Il ne faut pas vouloir interpréter mais laisser les formes monter jusqu’à nos yeux. Nous traversons des zones de mémoire silencieuse – à notre insu, ce monde nous transforme du fond de son insondable indifférence, et nous l’éprouvons dans ses multiples venues et apparitions.
Face à la chose vue, se superpose le calque de la chose rêvée, et le détail, le très rapproché, le fragmentaire, incite à explorer le très vaste.
Tout fait sens des coulées pacifiantes ou des cris des couleurs. Ce qui fait silence se vit ici dans un reste de mémoire, au fil de hasardeuses banalités. Une tache sombre dessine avec le salpêtre un contour montagneux dans le vague d’un paysage aquatique. Plus loin, au creux d’entailles humides courant en minuscules ravines entre des macules de rouille, d’efflorescentes suggestions tracent sur la portée du ciment des sillons infinis de rêverie…

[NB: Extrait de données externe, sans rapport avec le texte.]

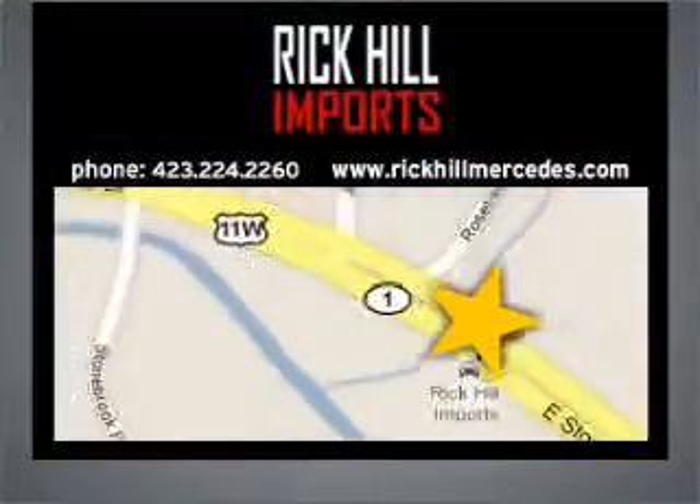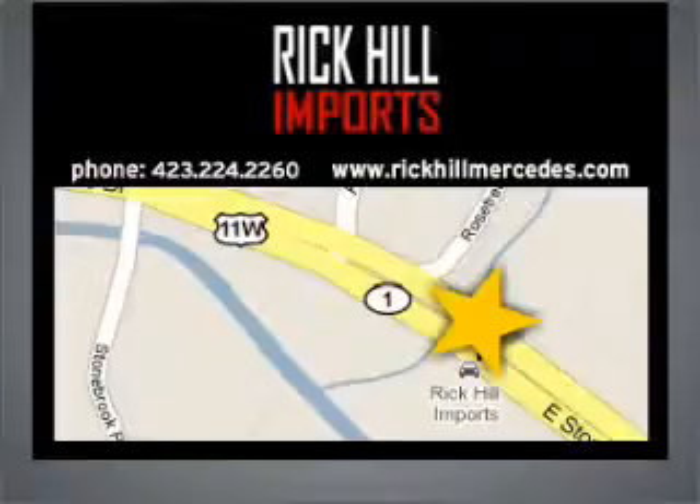Call today to schedule a test drive. Visit Rick Hill Imports today, located at 861 East Stone Drive in Kingsport, Tennessee.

Une peinture écaillée, une traîne blanche, une coulure verte, un accident du béton évoque un paysage vu du ciel, un nuage, un fantôme, un animal, le lointain reflet d’un humain. Tavelées, ridées, étoilées, humbles et ravinées, ces parois sont comme des visages.
Ce sont des idées nomades dans un recommencement de matière, des images passantes, infiniment transfigurables en leur énigme. Chaque détail, chaque fragment, semble se rapporter à un ordre général et secret. Et ces surgissements, ces résurgences, sont pour nos yeux à l’écoute une mémoire en acte.